◆ Your task ◆
The whole listing is to be restated word for word with no images.
[[ Available data open ]]
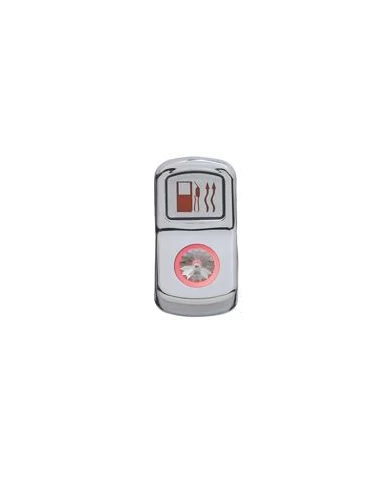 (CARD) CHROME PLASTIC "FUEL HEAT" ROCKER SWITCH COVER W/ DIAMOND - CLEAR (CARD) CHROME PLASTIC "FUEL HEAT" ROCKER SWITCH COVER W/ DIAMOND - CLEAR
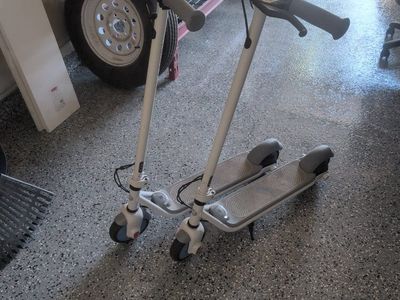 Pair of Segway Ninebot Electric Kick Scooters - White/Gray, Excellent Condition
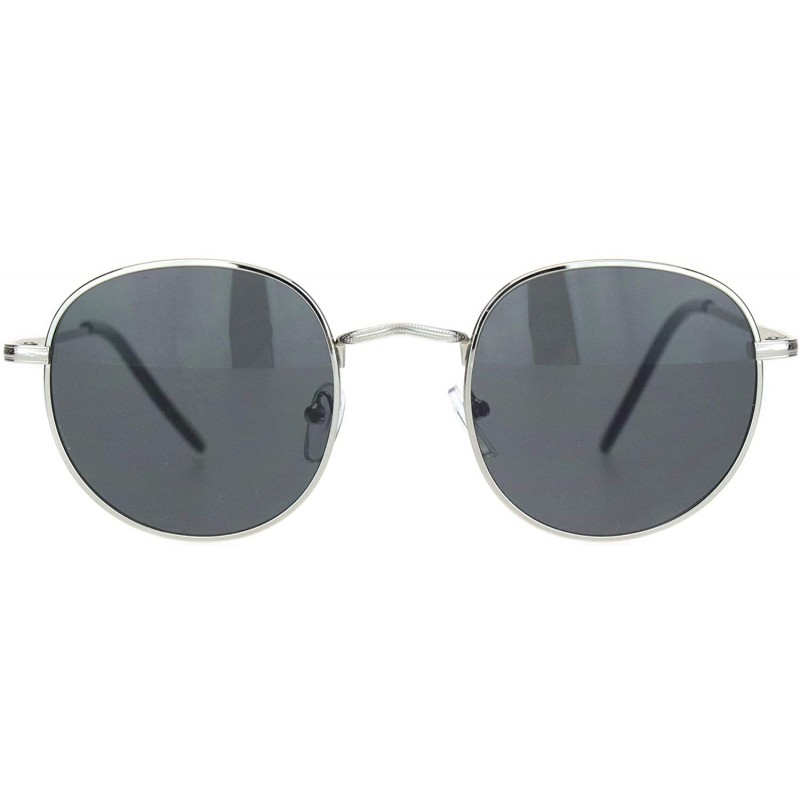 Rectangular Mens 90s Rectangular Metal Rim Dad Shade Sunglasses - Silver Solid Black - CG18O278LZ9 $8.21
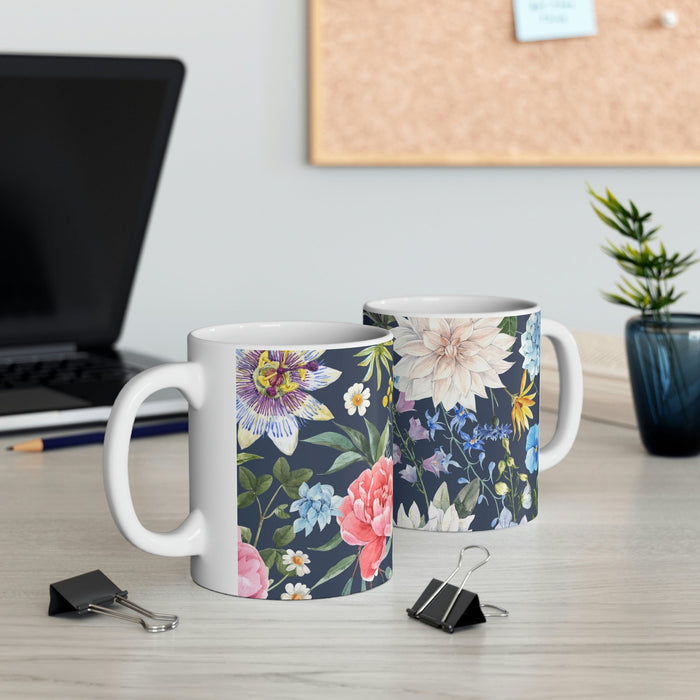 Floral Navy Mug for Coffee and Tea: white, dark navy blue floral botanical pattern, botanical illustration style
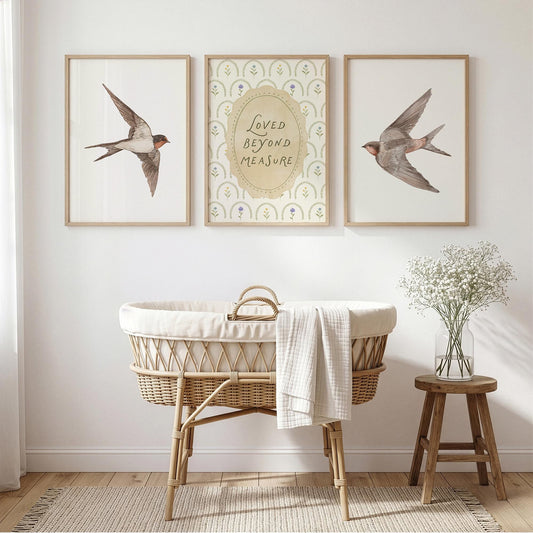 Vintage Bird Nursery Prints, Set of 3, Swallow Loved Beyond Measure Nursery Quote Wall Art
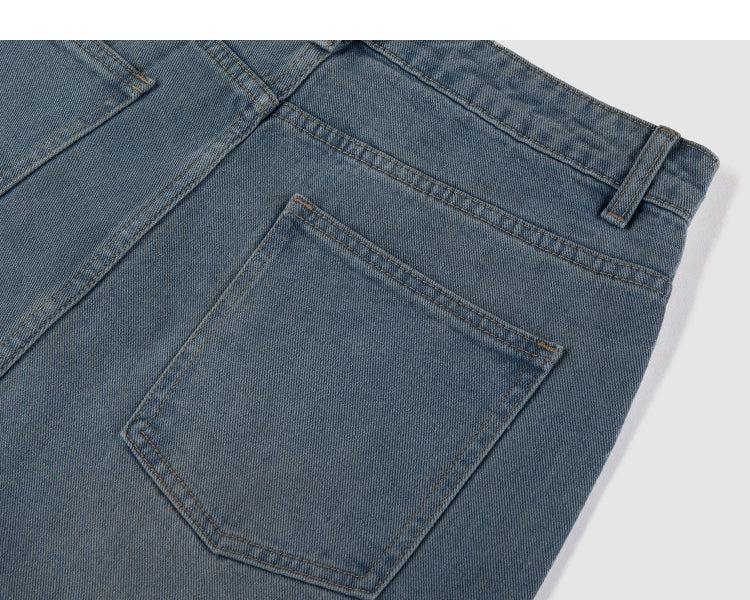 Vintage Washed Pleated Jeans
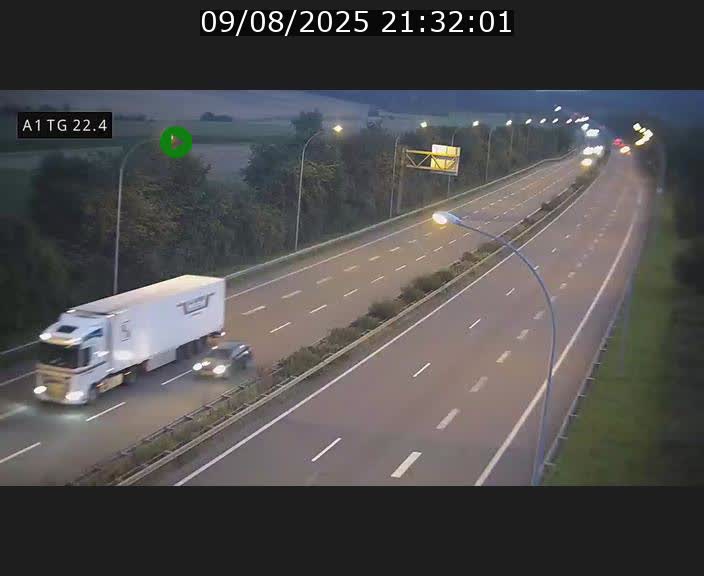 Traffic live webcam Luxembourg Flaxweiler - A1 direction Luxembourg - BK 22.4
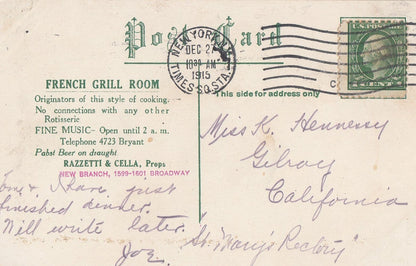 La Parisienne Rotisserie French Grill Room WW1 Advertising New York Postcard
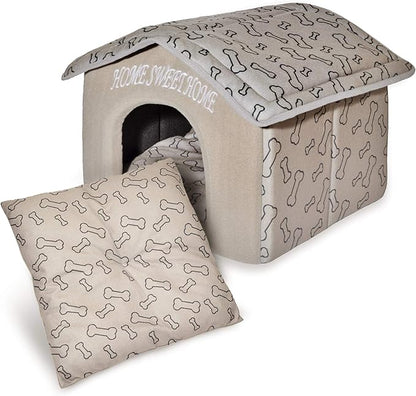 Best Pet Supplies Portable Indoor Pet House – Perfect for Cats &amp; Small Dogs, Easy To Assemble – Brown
[[ Available data closed ]]
◆ Exercise response ◆
 (CARD) CHROME PLASTIC "FUEL HEAT" ROCKER SWITCH COVER W/ DIAMOND - CLEAR (CARD) CHROME PLASTIC "FUEL HEAT" ROCKER SWITCH COVER W/ DIAMOND - CLEAR
 Pair of Segway Ninebot Electric Kick Scooters - White/Gray, Excellent Condition
 Rectangular Mens 90s Rectangular Metal Rim Dad Shade Sunglasses - Silver Solid Black - CG18O278LZ9 $8.21
 Floral Navy Mug for Coffee and Tea: white, dark navy blue floral botanical pattern, botanical illustration style
 Vintage Bird Nursery Prints, Set of 3, Swallow Loved Beyond Measure Nursery Quote Wall Art
 Vintage Washed Pleated Jeans
 Traffic live webcam Luxembourg Flaxweiler - A1 direction Luxembourg - BK 22.4
 La Parisienne Rotisserie French Grill Room WW1 Advertising New York Postcard
 Best Pet Supplies Portable Indoor Pet House – Perfect for Cats &amp; Small Dogs, Easy To Assemble – Brown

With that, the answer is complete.